WHAT YOU SHOULD DO:
In the material below, find the line that contains "This same approach" and the line that contains "Here is how", then write out exactly those two lines and everything between them.

RECORDS SUPPLIED:
--*--

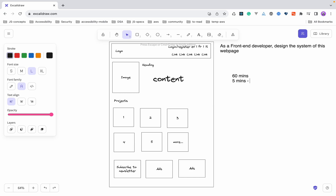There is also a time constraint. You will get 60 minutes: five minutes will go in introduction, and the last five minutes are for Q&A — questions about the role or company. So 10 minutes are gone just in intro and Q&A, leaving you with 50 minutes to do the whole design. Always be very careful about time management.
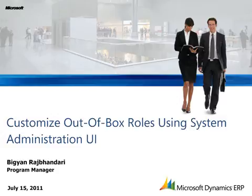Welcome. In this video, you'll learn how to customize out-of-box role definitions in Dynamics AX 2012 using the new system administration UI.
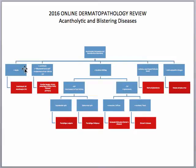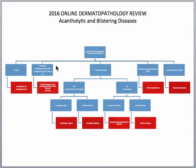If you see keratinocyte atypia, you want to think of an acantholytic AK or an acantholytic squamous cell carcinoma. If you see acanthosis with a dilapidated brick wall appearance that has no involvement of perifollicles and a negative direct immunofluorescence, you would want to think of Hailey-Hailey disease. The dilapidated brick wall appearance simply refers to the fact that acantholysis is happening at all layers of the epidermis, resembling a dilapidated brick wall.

--*--

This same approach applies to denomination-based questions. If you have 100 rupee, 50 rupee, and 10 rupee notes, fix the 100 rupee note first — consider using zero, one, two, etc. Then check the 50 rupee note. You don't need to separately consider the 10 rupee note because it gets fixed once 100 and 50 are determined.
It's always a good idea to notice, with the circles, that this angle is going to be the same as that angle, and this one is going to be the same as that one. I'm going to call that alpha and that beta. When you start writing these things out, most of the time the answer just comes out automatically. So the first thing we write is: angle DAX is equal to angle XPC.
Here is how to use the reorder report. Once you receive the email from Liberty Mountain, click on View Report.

--*--

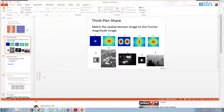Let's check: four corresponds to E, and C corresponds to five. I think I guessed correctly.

--*--

ANSWER SECTION:
This same approach applies to denomination-based questions. If you have 100 rupee, 50 rupee, and 10 rupee notes, fix the 100 rupee note first — consider using zero, one, two, etc. Then check the 50 rupee note. You don't need to separately consider the 10 rupee note because it gets fixed once 100 and 50 are determined.
It's always a good idea to notice, with the circles, that this angle is going to be the same as that angle, and this one is going to be the same as that one. I'm going to call that alpha and that beta. When you start writing these things out, most of the time the answer just comes out automatically. So the first thing we write is: angle DAX is equal to angle XPC.
Here is how to use the reorder report. Once you receive the email from Liberty Mountain, click on View Report.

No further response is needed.